Hackers at the Chaos Communication Congress found a way to make a usually painless process perfectly tedious.
Screengrab: ​YouTube

​Sending someone bitcoin is a relatively painless process nowadays—a few clicks and pokes at your keyboard, nothing more. But despite efforts to improve Bitcoi​n security, sending and receiving the digital currency isn't always as discreet as some would like.

If someone were to send bitcoin to a conspicuous recipient like, say, Edward Snowden, it wouldn't be all that difficult for that person to be identified via their IP address. To remedy this—and perhaps, to inject a bit of old-fashioned romanticism into the process—a group of international hackers developed an analog system for transferring Bitcoins using a series of pneumatic tubes.

Attendees at the Chaos Communication Congr​ess, an annual hacker conference in Germany, successfully transferred bitcoin to Snowden's legal defense fund using an old-fashioned pneumatic tube system. The Seidenstraße or "Silk Road" (not that S​ilk Road) was installed at the conference location by a group of artists—and hackers, of course, re-appropriated the tubes to discreetly send bitcoin back and forth.

The process was pretty simple. The senders created a signed Bitcoin transaction to the desired recipient online and then printed it off as a QR code on a piece of paper. They rolled up the paper, fired it through the tubes, and the recipient—in this case, British journalist Sarah Har​rison—scanned and received the funds on the other end.

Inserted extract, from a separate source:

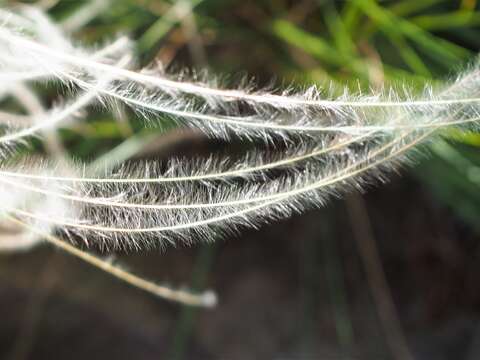 Plancia ëd Stipa lessingiana Trin. & Rupr.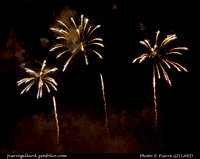 2011-07786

Of course, this was merely an example run and the tube system was limited to a single building in Hamburg, Germany, and has since been dismantled. So, it's not likely to take over as the predominant way to transfer the digital currency. But if you're in need of a highly-secure system of sending bitcoin—or you just have a fetish for early 20th century office technology—the world's hackers seemingly have a solution.